_Task directions_:
Please repeat, precisely as written, only the lines from the one containing "Japanese Asia Tree PowerPoint Template" through the last line of the records below, pictures omitted.

_Available data_:
┄┄┄┄┄┄┄┄┄┄┄┄┄┄┄┄┄┄┄┄
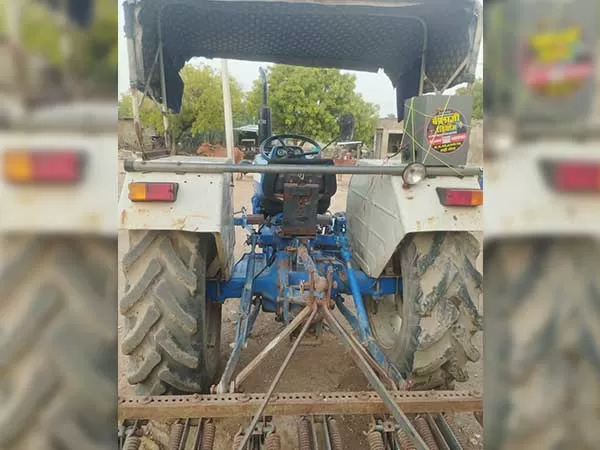 Farmtrac Farmtrac 3600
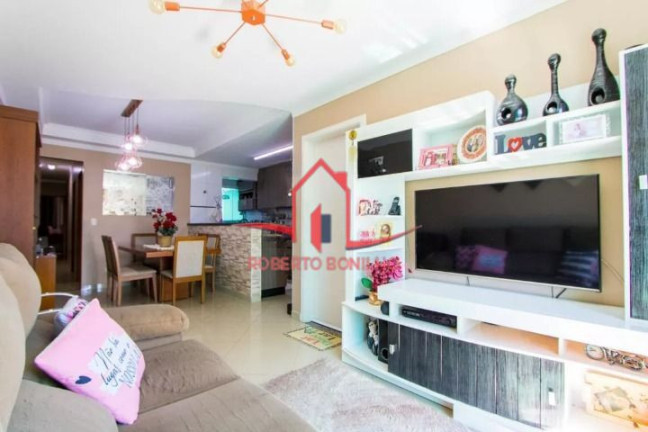 Apartamento com 3 Quartos à Venda, 90 m² em Parque Marajoara - Santo André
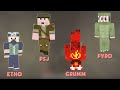 MindCrack Ultra Hardcore -- S13E03: Back Together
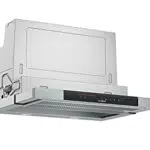 Bosch DFS067K51 Serie 8 Flachschirmhaube, 60 cm breit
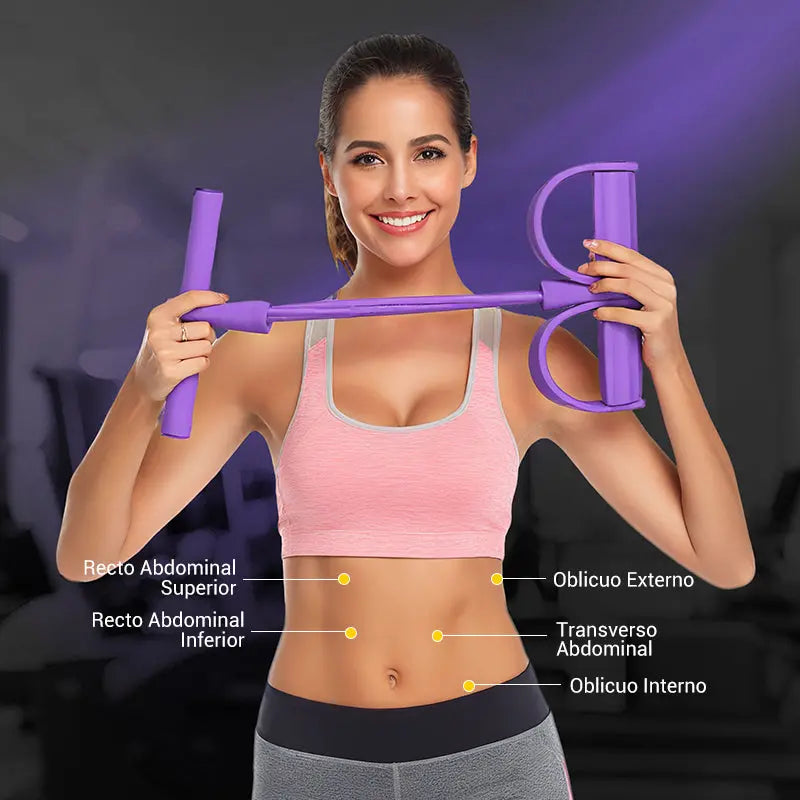 🔥⏳ Oferta limitada ⏰ Equipo de entrenamiento abdominal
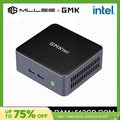 GMKtec G1 Mini PC Windows 11 Pro Alder Lake N95 Intel 12th DDR4 8GB RAM 512GB ROM BT5.2 WiFi 6 Desktop Computer Mini PC Work X250602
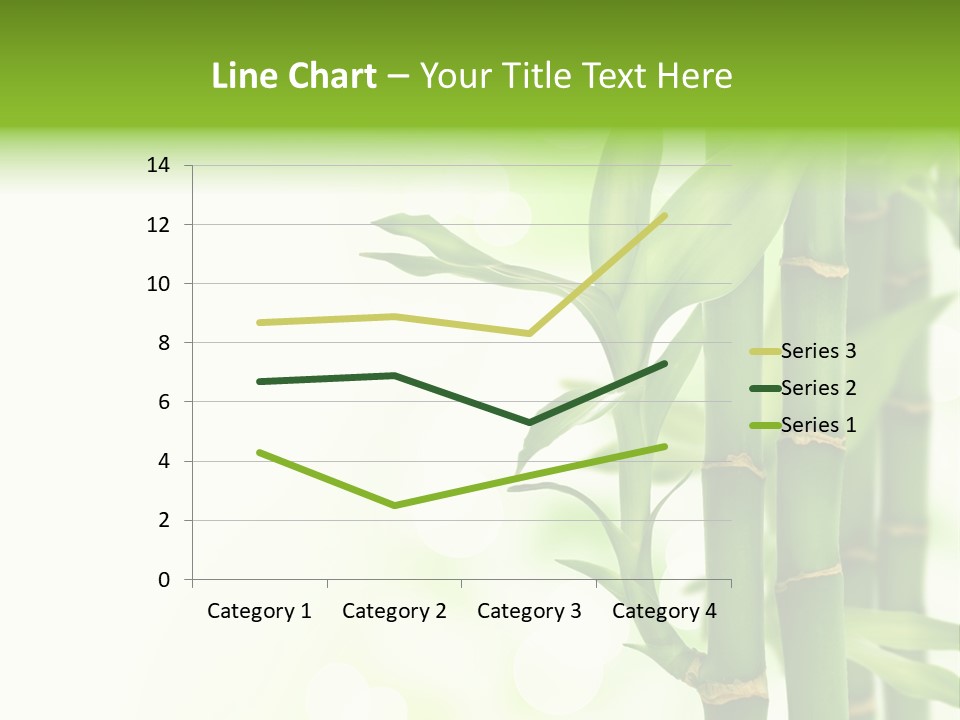 Japanese Asia Tree PowerPoint Template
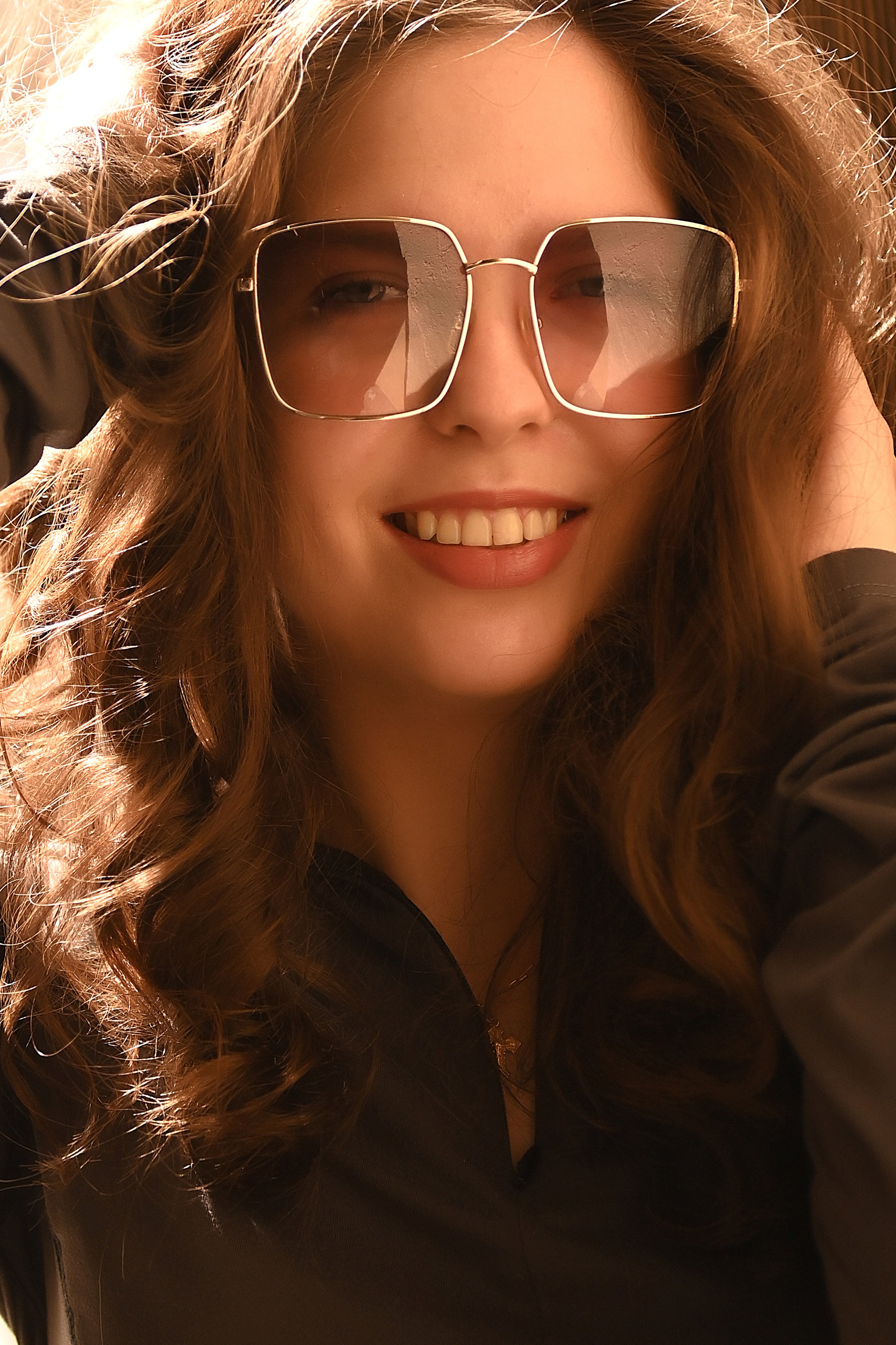 Индивидуальная прогулочная в городе. Свадебный, семейный, детский, контент фотограф в Омске Максим Ильин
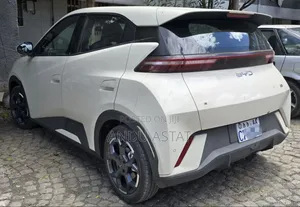 BYD Seagull 2025 White
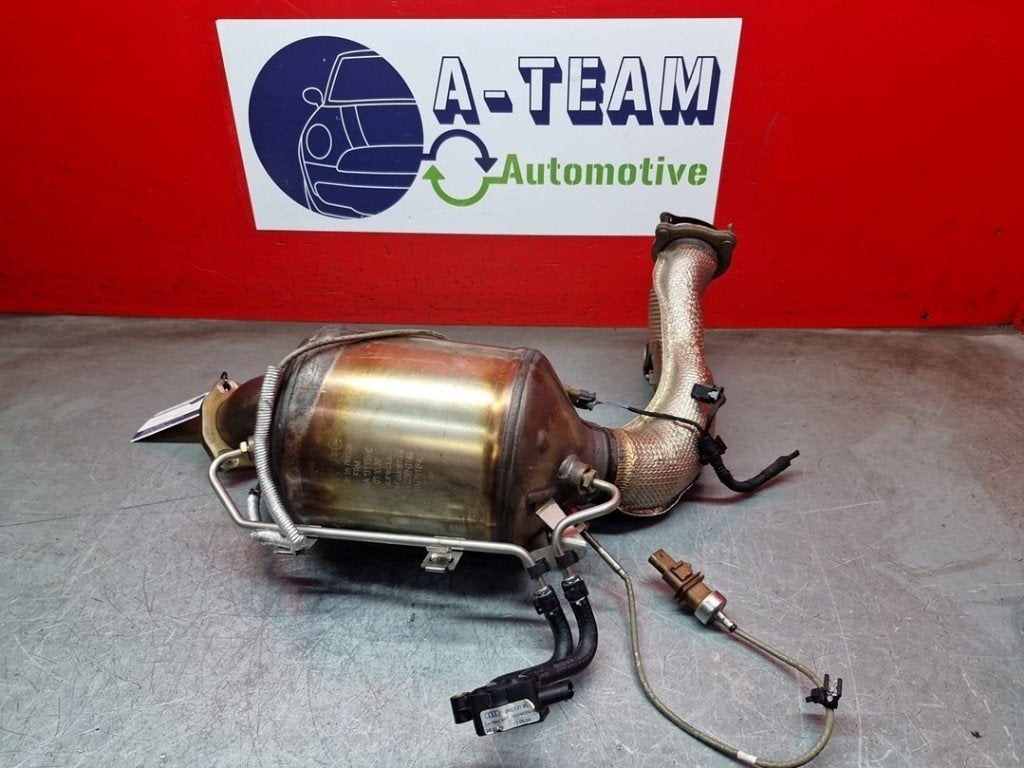 ROETFILTER Audi Q5 (FYB / FYG) (|80A131765C|80A254800G|), Auto-onderdelen, Info@audi.de, Audi, Audi AG, Gebruikt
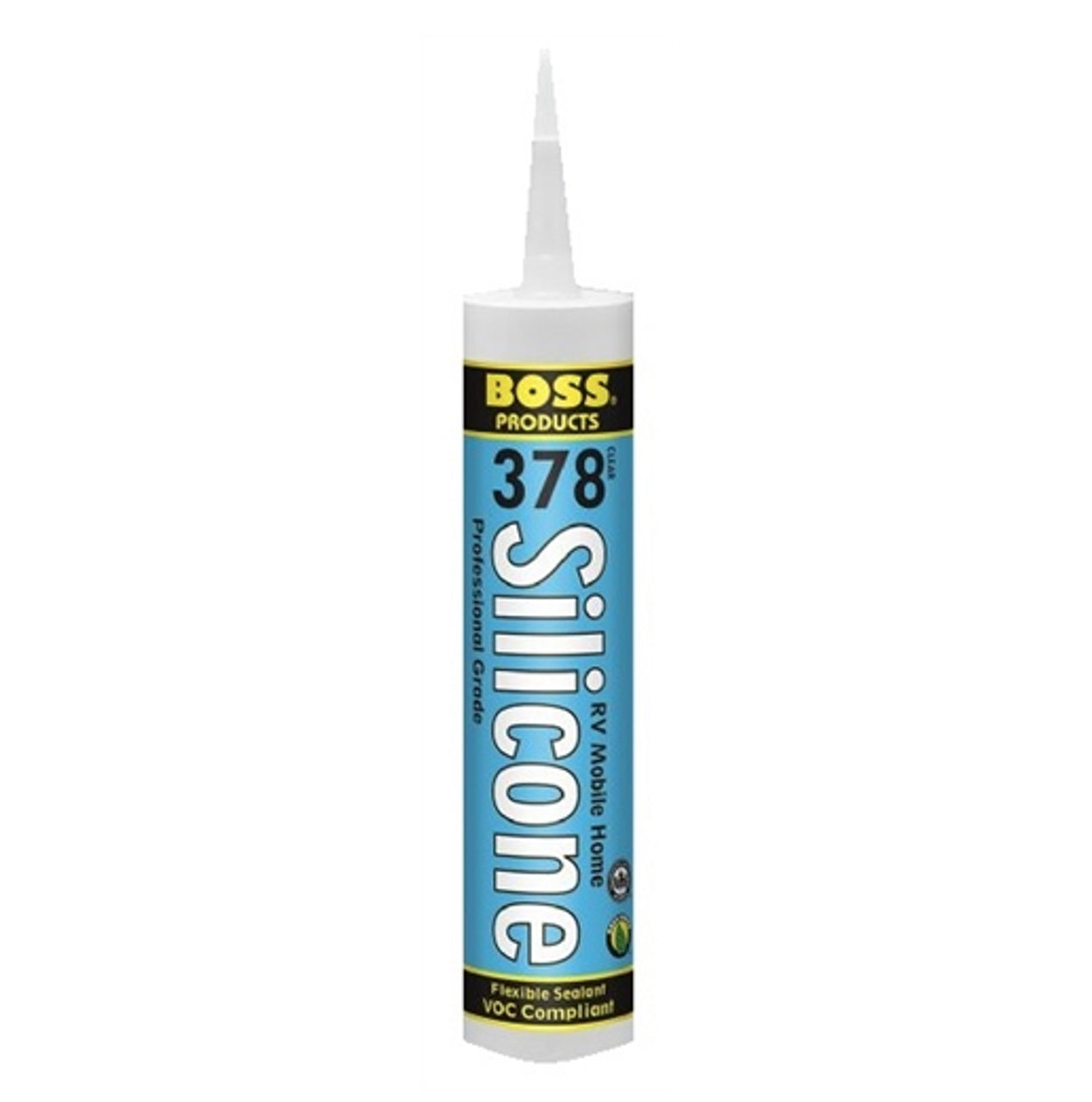 Silicone, Professional Grade (White)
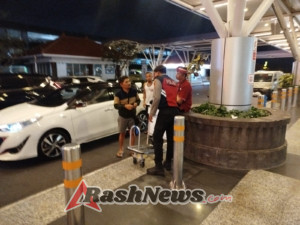 Polres Bandara Ngurah Rai Ajak Sopir ASK dan Masyarakat Wujudkan Bandara Aman dan Nyaman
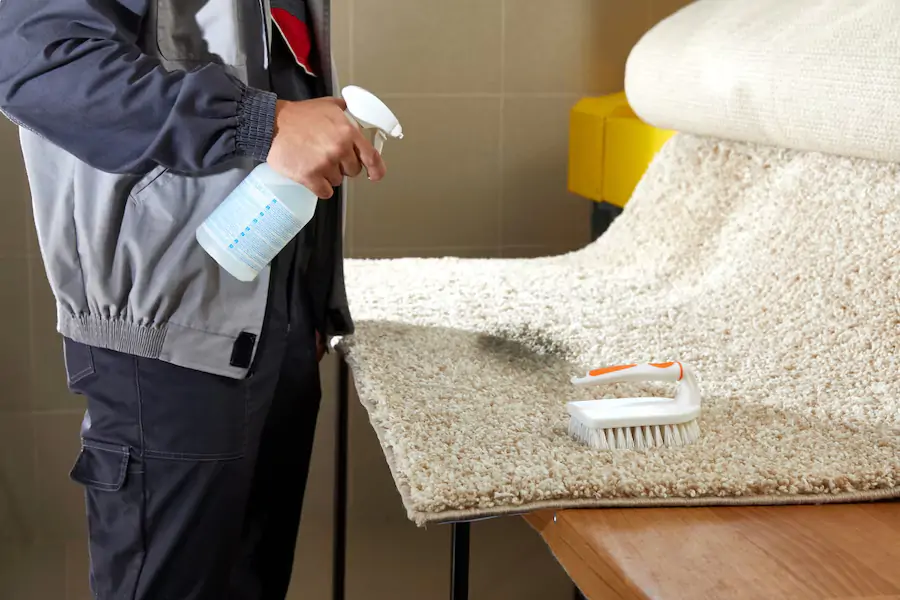 Carpet Cleaning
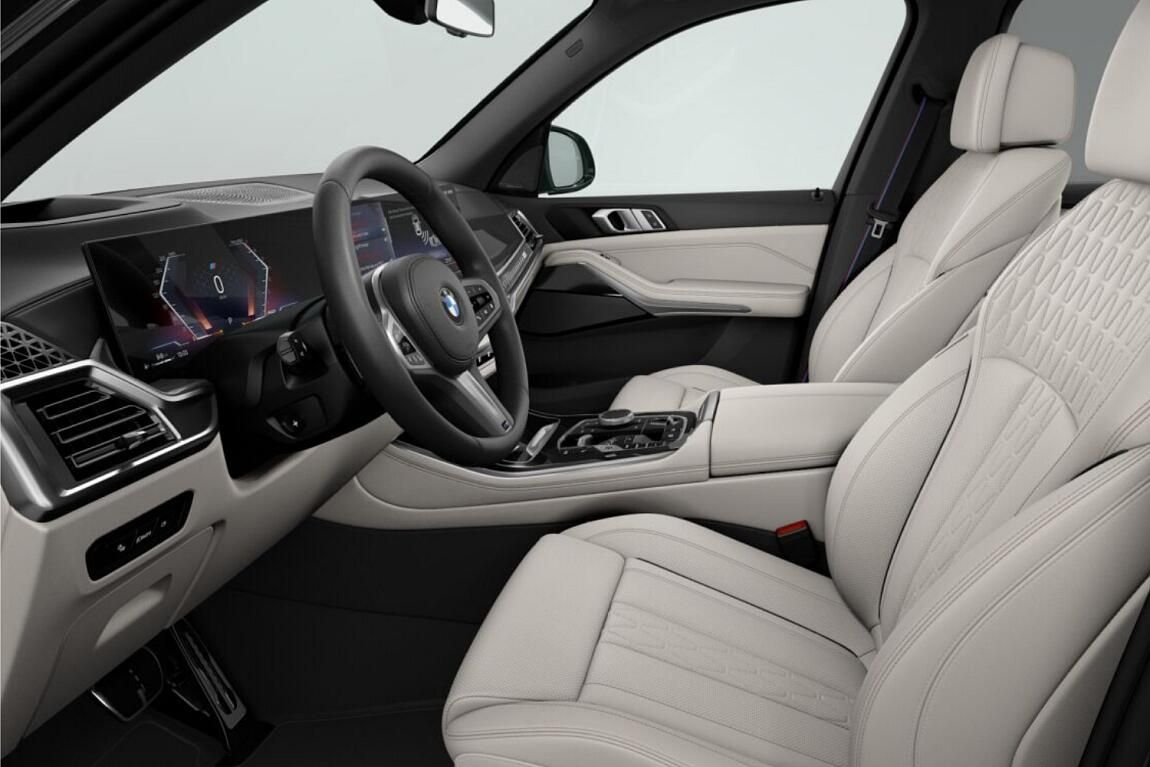 BMW X5, xDrive40i - fotka 4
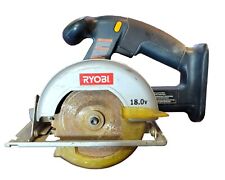 Ryobi 5-1/2" Cordless Circular Saw P501 With Blade 18V - Blue for sale  Shipping to South Africa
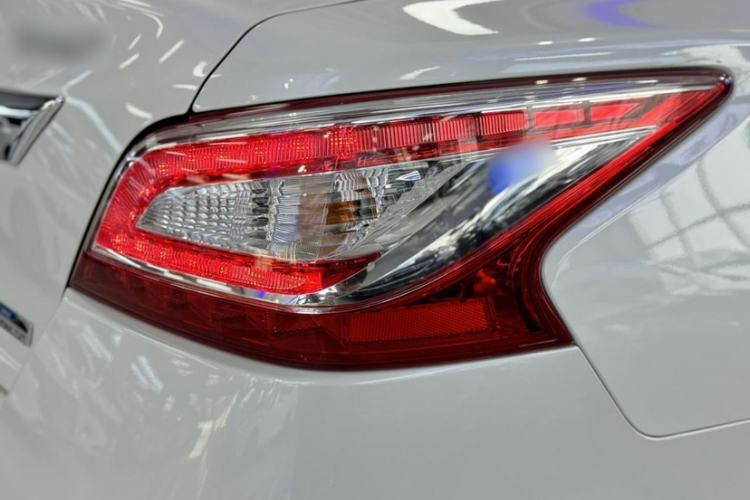 Used Nissan Teana 2013 2.0L XL Comfort Edition Exterior 4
┄┄┄┄┄┄┄┄┄┄┄┄┄┄┄┄┄┄┄┄
_Solution to this task_:
 Japanese Asia Tree PowerPoint Template
 Индивидуальная прогулочная в городе. Свадебный, семейный, детский, контент фотограф в Омске Максим Ильин
 BYD Seagull 2025 White
 ROETFILTER Audi Q5 (FYB / FYG) (|80A131765C|80A254800G|), Auto-onderdelen, Info@audi.de, Audi, Audi AG, Gebruikt
 Silicone, Professional Grade (White)
 Polres Bandara Ngurah Rai Ajak Sopir ASK dan Masyarakat Wujudkan Bandara Aman dan Nyaman
 Carpet Cleaning
 BMW X5, xDrive40i - fotka 4
 Ryobi 5-1/2" Cordless Circular Saw P501 With Blade 18V - Blue for sale  Shipping to South Africa
 Used Nissan Teana 2013 2.0L XL Comfort Edition Exterior 4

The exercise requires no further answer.